LiteLLM → OpenObserve

Automatically capture token usage, latency, and model metadata for every LiteLLM completion call in your Python application. LiteLLM's unified interface lets you switch between 100+ providers while keeping a single instrumentation setup.

Prerequisites

Python 3.9+
An OpenObserve account (cloud or self-hosted)
Your OpenObserve organisation ID and Base64-encoded auth token
API keys for whichever providers you call through LiteLLM

Installation

pip install openobserve-telemetry-sdk openinference-instrumentation-litellm litellm python-dotenv

Configuration

Create a .env file in your project root:

# OpenObserve instance URL
# Default for self-hosted: http://localhost:5080
OPENOBSERVE_URL=https://api.openobserve.ai/

# Your OpenObserve organisation slug or ID
OPENOBSERVE_ORG=your_org_id

# Basic auth token — Base64-encoded "email:password"
OPENOBSERVE_AUTH_TOKEN=Basic <your_base64_token>

# Provider keys — add whichever backends you use
OPENAI_API_KEY=your-openai-key
ANTHROPIC_API_KEY=your-anthropic-key

Instrumentation

Call LiteLLMInstrumentor().instrument() before importing LiteLLM.
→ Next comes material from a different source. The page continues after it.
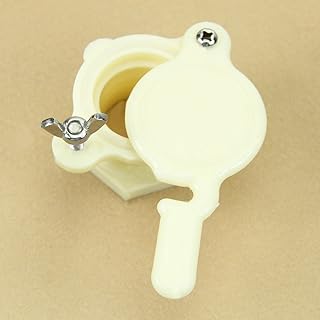 Nylon Miel Válvula Puerta miel extractor de miel Tap Apicultura Herramienta de embotellado 1pc (color blanco)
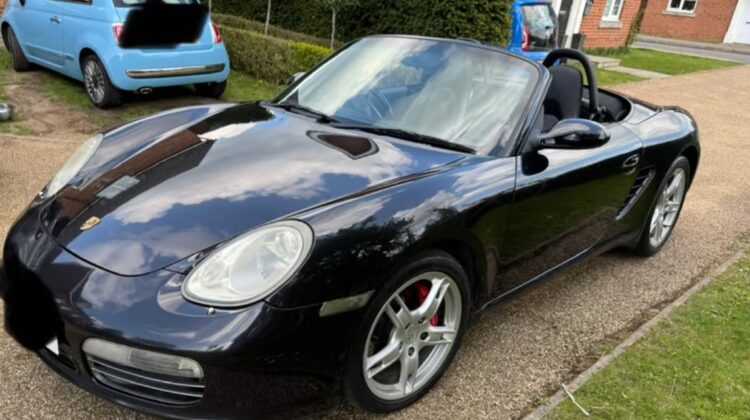 Porsche Boxster S 3.4 6 Speed Manual Black – Fantastic Drive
from dotenv import load_dotenv
load_dotenv()

from openinference.instrumentation.litellm import LiteLLMInstrumentor
from openobserve import openobserve_init

LiteLLMInstrumentor().instrument()
openobserve_init()

import litellm

response = litellm.completion(
    model="gpt-4o-mini",
    messages=[{"role": "user", "content": "Explain distributed tracing in one sentence."}],
)
print(response.choices[0].message.content)

Calling multiple providers

Because LiteLLM normalises the interface, switching models produces separate spans with different llm_model_name values — useful for comparing providers side by side.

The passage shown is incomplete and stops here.